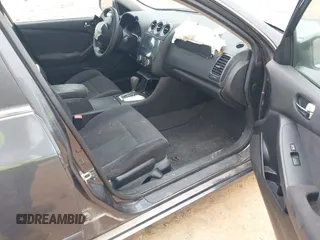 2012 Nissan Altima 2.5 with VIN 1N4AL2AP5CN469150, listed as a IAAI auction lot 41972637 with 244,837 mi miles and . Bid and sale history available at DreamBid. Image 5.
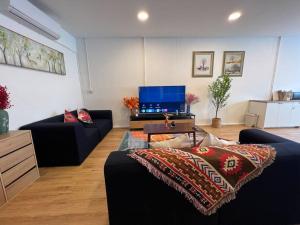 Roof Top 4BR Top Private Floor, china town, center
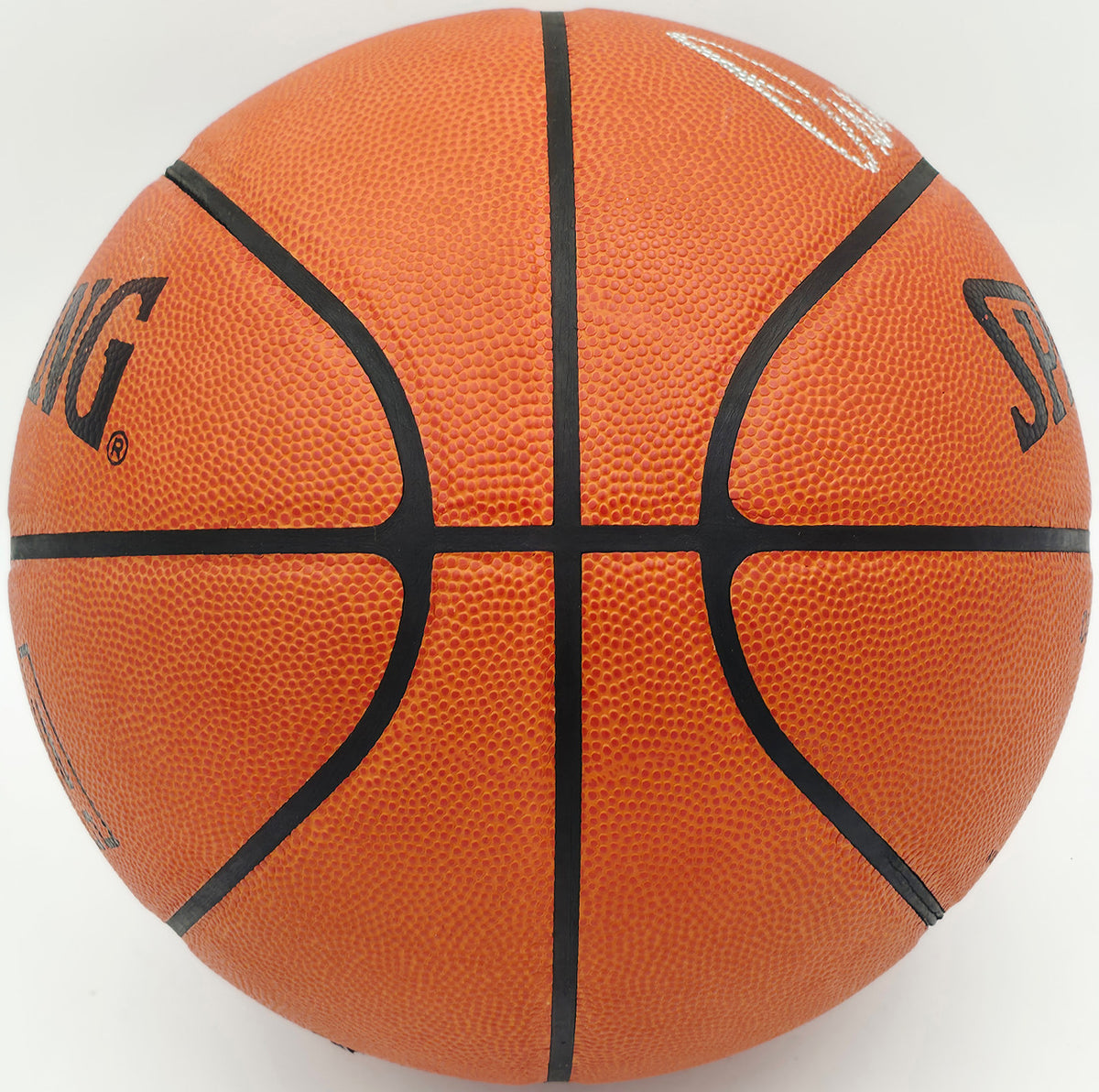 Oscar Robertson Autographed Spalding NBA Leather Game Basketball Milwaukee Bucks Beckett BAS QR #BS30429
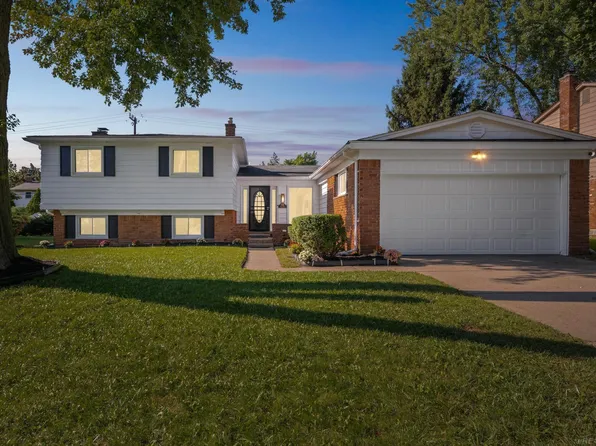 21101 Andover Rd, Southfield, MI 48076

════════

## How to complete this task
Return the material from above in full, exactly as written, with the pictures omitted.

## Exercise output
 2012 Nissan Altima 2.5 with VIN 1N4AL2AP5CN469150, listed as a IAAI auction lot 41972637 with 244,837 mi miles and . Bid and sale history available at DreamBid. Image 5.
 Roof Top 4BR Top Private Floor, china town, center
 Oscar Robertson Autographed Spalding NBA Leather Game Basketball Milwaukee Bucks Beckett BAS QR #BS30429
 21101 Andover Rd, Southfield, MI 48076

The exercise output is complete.